Lucy is one of the residents at the assisted living facility where my mother lives. I’ve always been impressed by her cheerfulness and good nature, and yesterday I had a chance to sit and chat with her for a few minutes. It turns out she grew up just a few miles away, in Irvine, which was then an unincorporated area of Orange County.
"I had a horse named Dolly," she told me. "She was a pinto mare. Oh, I loved that horse! We rode all over the bean fields. We were in a parade once."
Lucy met Steve, the love of her life, while they were still in high school. Her mother insisted that Lucy graduate from high school before she she started thinking about getting married.
"So I graduated from high school," Lucy says with a smile, "and Steve and I got married right after that. He was a sweetheart. He brought me gold hearts...a necklace..."
Steve and Lucy had a long, happy marriage until his death from cancer not too long ago, and that's how Lucy came to be living here, facing the holidays without him, missing him every day.
I think adjusting to the death of a spouse is surely one of the most difficult chapters of life.

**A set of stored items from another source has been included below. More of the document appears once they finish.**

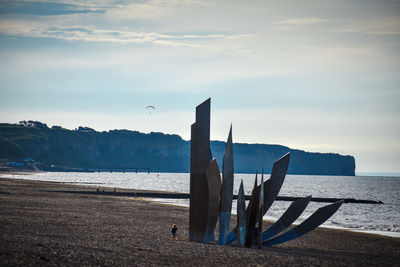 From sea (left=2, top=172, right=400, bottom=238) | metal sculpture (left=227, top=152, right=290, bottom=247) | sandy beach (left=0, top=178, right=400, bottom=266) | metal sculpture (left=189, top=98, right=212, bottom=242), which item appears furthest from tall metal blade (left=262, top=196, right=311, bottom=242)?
sea (left=2, top=172, right=400, bottom=238)

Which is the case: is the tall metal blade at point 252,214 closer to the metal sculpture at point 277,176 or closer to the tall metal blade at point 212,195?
the metal sculpture at point 277,176

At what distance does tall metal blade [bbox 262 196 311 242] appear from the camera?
20266mm

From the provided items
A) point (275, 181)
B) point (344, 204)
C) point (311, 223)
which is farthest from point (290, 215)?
point (344, 204)

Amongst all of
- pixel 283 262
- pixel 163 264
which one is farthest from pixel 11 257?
pixel 283 262

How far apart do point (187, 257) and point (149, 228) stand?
921 centimetres

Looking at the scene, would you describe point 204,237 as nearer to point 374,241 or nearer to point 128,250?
point 128,250

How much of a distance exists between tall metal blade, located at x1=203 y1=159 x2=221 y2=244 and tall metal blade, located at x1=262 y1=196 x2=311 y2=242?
7.90ft

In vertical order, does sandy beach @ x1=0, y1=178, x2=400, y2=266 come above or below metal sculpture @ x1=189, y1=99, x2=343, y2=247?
below

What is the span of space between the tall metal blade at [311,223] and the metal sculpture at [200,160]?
3011 mm

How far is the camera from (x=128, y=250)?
1561cm

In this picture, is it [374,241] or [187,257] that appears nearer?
[187,257]

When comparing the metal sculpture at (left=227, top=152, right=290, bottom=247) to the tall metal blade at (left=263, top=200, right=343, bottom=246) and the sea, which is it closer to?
the tall metal blade at (left=263, top=200, right=343, bottom=246)

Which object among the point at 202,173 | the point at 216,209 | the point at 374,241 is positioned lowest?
the point at 374,241

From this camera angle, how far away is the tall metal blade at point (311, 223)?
19.8 m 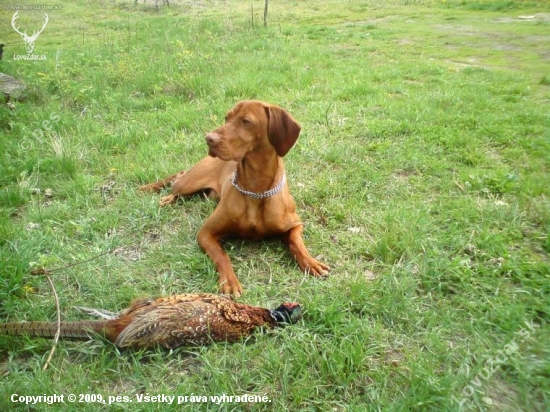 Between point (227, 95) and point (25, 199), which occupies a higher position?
point (227, 95)

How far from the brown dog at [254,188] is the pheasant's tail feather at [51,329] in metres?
0.77

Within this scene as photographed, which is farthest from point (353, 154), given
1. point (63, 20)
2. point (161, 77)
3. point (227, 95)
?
point (63, 20)

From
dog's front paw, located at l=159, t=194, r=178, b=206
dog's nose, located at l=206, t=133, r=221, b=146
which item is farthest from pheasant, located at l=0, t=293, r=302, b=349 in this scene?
dog's front paw, located at l=159, t=194, r=178, b=206

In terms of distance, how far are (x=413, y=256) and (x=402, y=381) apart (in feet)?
3.44

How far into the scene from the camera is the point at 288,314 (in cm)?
223

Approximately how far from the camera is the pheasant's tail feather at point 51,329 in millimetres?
2057

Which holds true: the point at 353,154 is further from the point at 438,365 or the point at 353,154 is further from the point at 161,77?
the point at 161,77

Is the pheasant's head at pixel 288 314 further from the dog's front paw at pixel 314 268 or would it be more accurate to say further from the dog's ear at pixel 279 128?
the dog's ear at pixel 279 128

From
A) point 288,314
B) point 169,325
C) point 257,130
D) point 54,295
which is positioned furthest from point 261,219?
point 54,295

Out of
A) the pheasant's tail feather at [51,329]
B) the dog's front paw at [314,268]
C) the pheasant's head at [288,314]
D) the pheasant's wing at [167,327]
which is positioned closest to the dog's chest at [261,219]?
the dog's front paw at [314,268]

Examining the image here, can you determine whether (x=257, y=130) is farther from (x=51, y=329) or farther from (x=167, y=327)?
(x=51, y=329)

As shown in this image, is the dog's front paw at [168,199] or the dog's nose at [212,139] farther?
the dog's front paw at [168,199]

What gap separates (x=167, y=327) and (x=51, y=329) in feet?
2.01

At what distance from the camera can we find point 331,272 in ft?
8.99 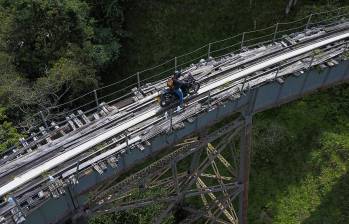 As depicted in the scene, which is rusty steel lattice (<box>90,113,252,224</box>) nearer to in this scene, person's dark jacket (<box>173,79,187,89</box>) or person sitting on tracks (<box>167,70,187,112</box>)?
person sitting on tracks (<box>167,70,187,112</box>)

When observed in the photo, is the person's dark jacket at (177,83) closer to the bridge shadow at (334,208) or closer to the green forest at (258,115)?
the green forest at (258,115)

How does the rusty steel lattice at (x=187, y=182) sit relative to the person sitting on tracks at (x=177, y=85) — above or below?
below

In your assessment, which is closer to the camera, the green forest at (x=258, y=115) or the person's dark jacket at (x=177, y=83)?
the person's dark jacket at (x=177, y=83)

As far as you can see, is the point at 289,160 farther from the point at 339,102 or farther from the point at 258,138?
the point at 339,102

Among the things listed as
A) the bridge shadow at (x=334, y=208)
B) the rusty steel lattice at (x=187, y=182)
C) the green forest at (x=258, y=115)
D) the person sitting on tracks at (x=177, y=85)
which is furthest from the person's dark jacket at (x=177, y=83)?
the bridge shadow at (x=334, y=208)

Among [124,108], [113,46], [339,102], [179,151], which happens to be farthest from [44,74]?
[339,102]

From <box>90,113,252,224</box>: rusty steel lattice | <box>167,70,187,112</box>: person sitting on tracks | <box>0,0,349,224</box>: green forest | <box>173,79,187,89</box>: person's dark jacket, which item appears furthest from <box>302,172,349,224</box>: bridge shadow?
<box>173,79,187,89</box>: person's dark jacket

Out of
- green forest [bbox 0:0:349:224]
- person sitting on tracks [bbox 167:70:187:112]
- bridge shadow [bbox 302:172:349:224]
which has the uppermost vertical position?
person sitting on tracks [bbox 167:70:187:112] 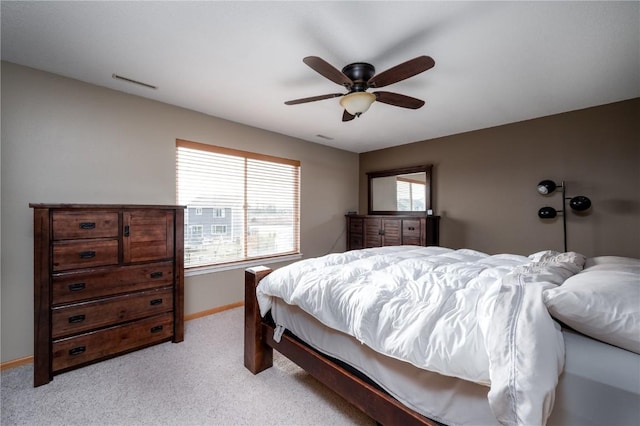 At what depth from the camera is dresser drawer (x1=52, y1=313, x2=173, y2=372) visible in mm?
2072

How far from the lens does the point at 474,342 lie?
3.17 feet

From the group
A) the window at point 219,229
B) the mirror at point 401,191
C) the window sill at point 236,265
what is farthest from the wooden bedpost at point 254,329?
the mirror at point 401,191

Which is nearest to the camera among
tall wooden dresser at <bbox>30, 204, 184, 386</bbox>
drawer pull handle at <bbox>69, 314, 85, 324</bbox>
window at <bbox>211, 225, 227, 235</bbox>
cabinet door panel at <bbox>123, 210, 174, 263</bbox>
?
tall wooden dresser at <bbox>30, 204, 184, 386</bbox>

But despite her sadness, Lucy somehow manages to be pleasant and kind to everyone around her. I ask her if she has any advice to share with others facing life after the loss of a husband or wife. Here's what she told me:
"Get a job if you can. You have to keep your mind occupied. You can't change what is. Don't dwell on it. There is a life afterwards, and you live it."
"But you know what?" she adds wistfully. "We were lucky. My husband and I had all those years together. Even now, I always feel that he's looking after me. So I have that."